TASK ITEM: Every line below is to be copied exactly, with the pictures left out.

INFORMATION SHOWN:
- - -

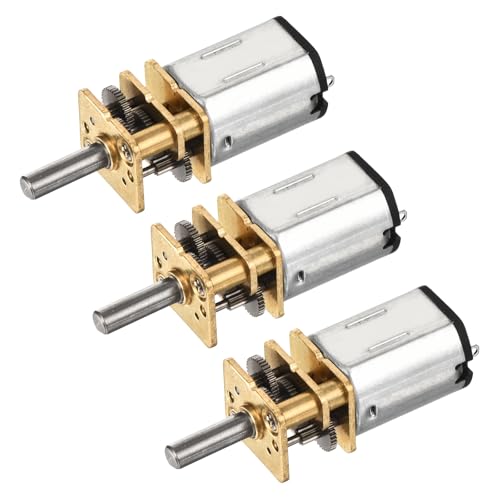 DMiotech 3pcs 12V 30RPM Rated Torque 12 Output Shaft Length 10mm Micro DC Speed Reduction Motor Mini Metal Gearbox Motor for RC Car Robot Model DIY RC Toys Engine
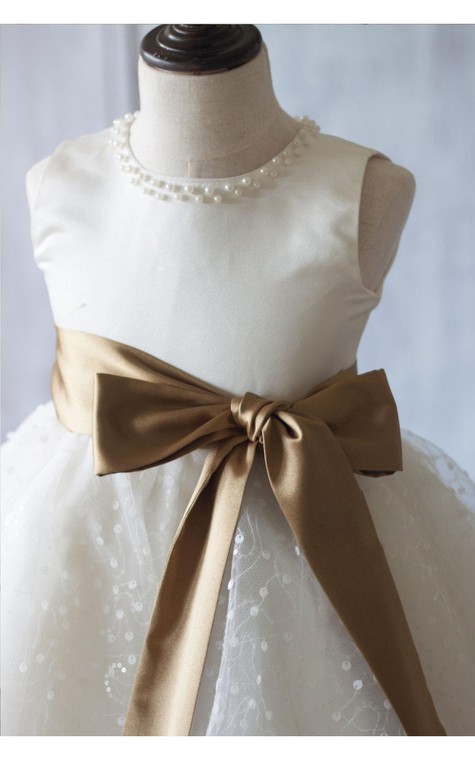 Jewel Neck Sleeveless Empire A-line Knee Length Tulle Dress With Satin Sash - 4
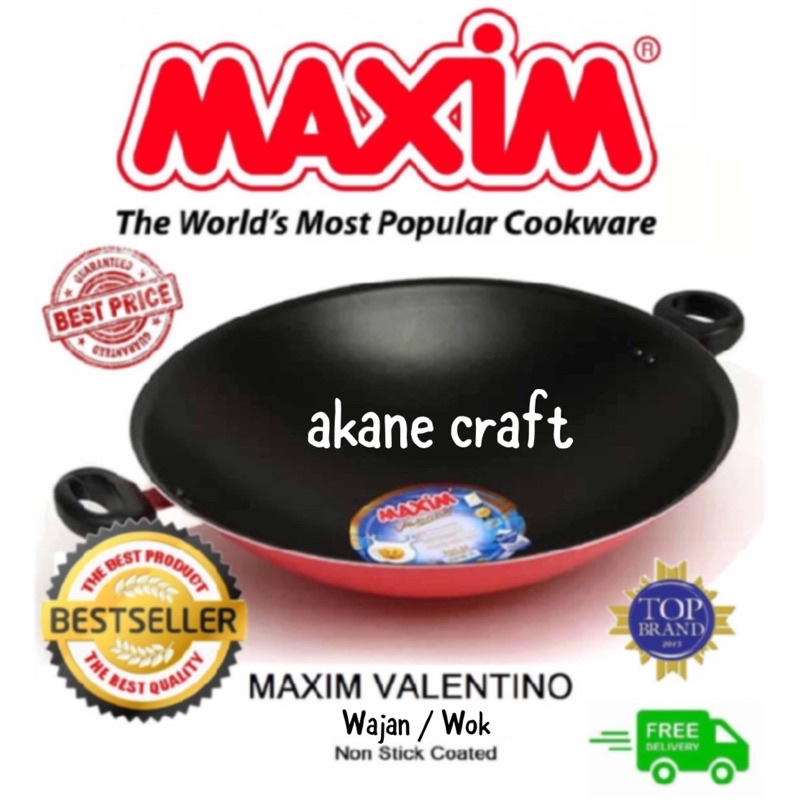 Maxim Valentino Wok / Wajan 36 cm Anti Lengket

- - -

WRITTEN ANSWER:
 DMiotech 3pcs 12V 30RPM Rated Torque 12 Output Shaft Length 10mm Micro DC Speed Reduction Motor Mini Metal Gearbox Motor for RC Car Robot Model DIY RC Toys Engine
 Jewel Neck Sleeveless Empire A-line Knee Length Tulle Dress With Satin Sash - 4
 Maxim Valentino Wok / Wajan 36 cm Anti Lengket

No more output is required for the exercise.